ABOUT THIS TASK:
All lines from the one containing "Okay? So that's" to the end of the listing below should be output exactly; omit the pictures.

RECORDS FOR PROCESSING:
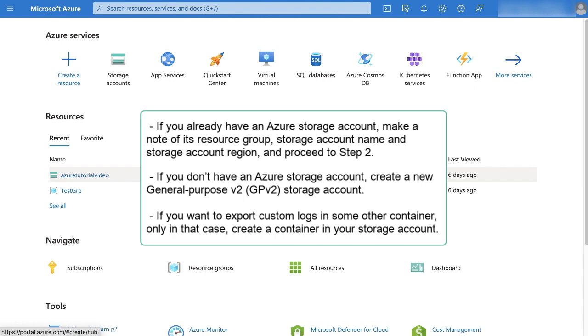If you want to export custom logs in some other container, only in that case, create a container in your storage account.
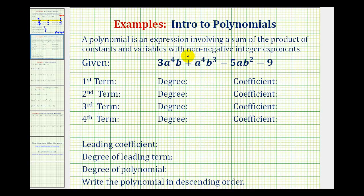A polynomial is an expression involving a sum of the product of constants and variables with non-negative integer exponents. Here's an example of a polynomial in two variables: three a to the fourth b plus a to the fourth b to the third minus five a b to the second minus nine. This polynomial has one, two, three, four terms.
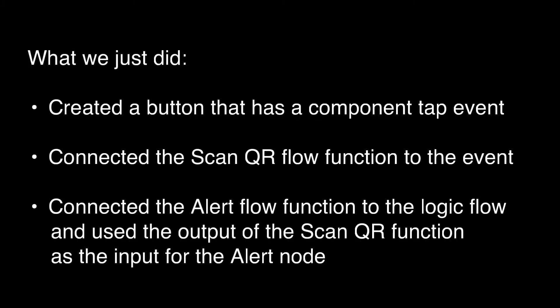So what we just did: created a button that has a component tap event, connected the scan QR flow function to the event, connected the alert flow function to the logic flow, and used the output of the scan QR function as the input for the alert node.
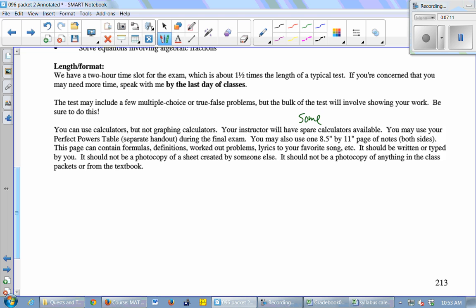Okay? So that's it. Any questions about the final? What it's going to be like? You don't have to type it. It just has to be your fault, right? You have to create it. You can type it or handwrite it, but it just can't be a photocopy of anything. Right, right. You just have to make it yourself, that's all.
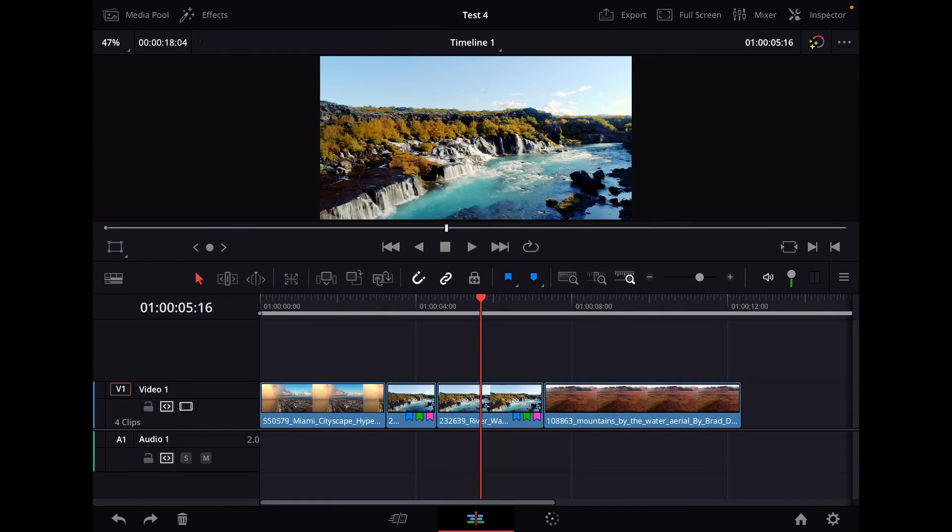Hey guys, in this video I will explain how to use flags inside of DaVinci Resolve for the iPad.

RESULT OF THIS EXERCISE:
Okay? So that's it. Any questions about the final? What it's going to be like? You don't have to type it. It just has to be your fault, right? You have to create it. You can type it or handwrite it, but it just can't be a photocopy of anything. Right, right. You just have to make it yourself, that's all.
Hey guys, in this video I will explain how to use flags inside of DaVinci Resolve for the iPad.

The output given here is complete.